Can Mutual Pursuit of Money Overcome Cultural Differences?

Living among the cultural Other is difficult, and it is especially difficult to do so in a foreign country.  Strange language, strange food, and even stranger people.  All this can be depressing to face for people who are residing abroad for the very first time.  They just do not have experience in handling people who do not come from same cultural background, raised under same educational and social atmospheres.  In short, such is the situation faced by the migrants from rural China who now reside in Vladivostok. But they are not the only ones faced with such difficulties. 

Cultural differences exist as a mutual feeling.  It cannot be established if one group feel it and another does not.  The feeling of strangeness is, in fact, mutually reinforcing.  As one group present a sense of distance toward another, the other is bound to replicate, whether or not, a similar kind of strangeness existed before or not.  Even those who are supposed to be "home," the so-called locals who own a certain geography, can occasionally feel like strangers in their own lands when faced with presence of a foreign population that they have little historical experiences in handling. 

Yet, the practicality of living side by side often ensure that different social groups remain side by side even if there are deep sense of ambiguity for doing so.  Simply said, people live where they are and do what they do because the necessities of livelihood compel them to do, not because that is the most mentally comfortable situation that they find to be optimal.  As Chinese traders put so straightforwardly, they came to a foreign land to make money, and everything else remains a distant second in priority.  Surely, for Russians to tolerate the Chinese presence, whether residents or tourists, money plays a big factor. 

It begs the question, then, just how money can affect the level and kinds of cultural interactions two different social groups can have.  On one hand, the those with money can simply dominate.  But that effect is rather unclear.  "Those with money" can sometimes be the investors, and sometimes be the big consumers.  Often the two are not the same.  On the other hand, a money-based relationship may just mean that people will completely ignore any cultural differences that are in place. Culture becomes one of money. In some ways.

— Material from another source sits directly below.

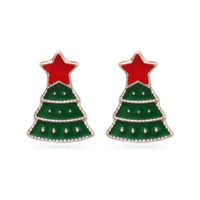 Mode Sapin De Noël Cloche Flocon De Neige Alliage Strass Boucles D'oreilles sku image 5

Interactions become one of business transaction to the point that communication and indeed, any exchange in daily lives of people in both social groups become purely a matter of exchanging money for services and products.  In such a social atmosphere, it really no longer matters where cultural boundaries lie  Inside of thinking whether certain cultural traits are "mine" or "yours" people will simply borrow whatever traits that are deemed to be useful for their need to continue making a good living for themselves, wherever the traits come from.

Of course, for all the talks of money being all important, people still behave in ways that are subtly protective of their own cultures.  It is not rare to hear people speak in terms of "us" and "them" as two distinctive groups, bounded by distinctively different cultural traits.  Minor ones are crossing over (food and language for instance) but core ones remain steadfastly held as constants (of course, some are just too obvious as markers, including skin color and nationality).  Money has yet to encroach upon those core values. 

It is difficult to predict the future, however.  If two groups are residing close to one another and bound intimately by the fact that their very livelihood depends on continuing close relationship, then that money-based relationship can gradually overcome differences in culture, even at a very fundamental level?  The story of Russia as a nation perhaps can provide a cautious "yes" to the question.  It is after all a multiethnic and multicultural state where diversity come not from migration and assimilation, but conquest and integration of ethnic homelands. 

The story of Russia is one of survival of different nationalities within one economic and political system imposed upon so many different peoples.  It was not necessarily a matter of money but a matter of true practicality in dealing with state authorities.  Different peoples of different backgrounds somehow manage to come together and recognize themselves as Russian in the course of decades.  They did not think about cultural differences, they thought about survival.  Perhaps differing social groups of today will go down the same path.  Only time will tell.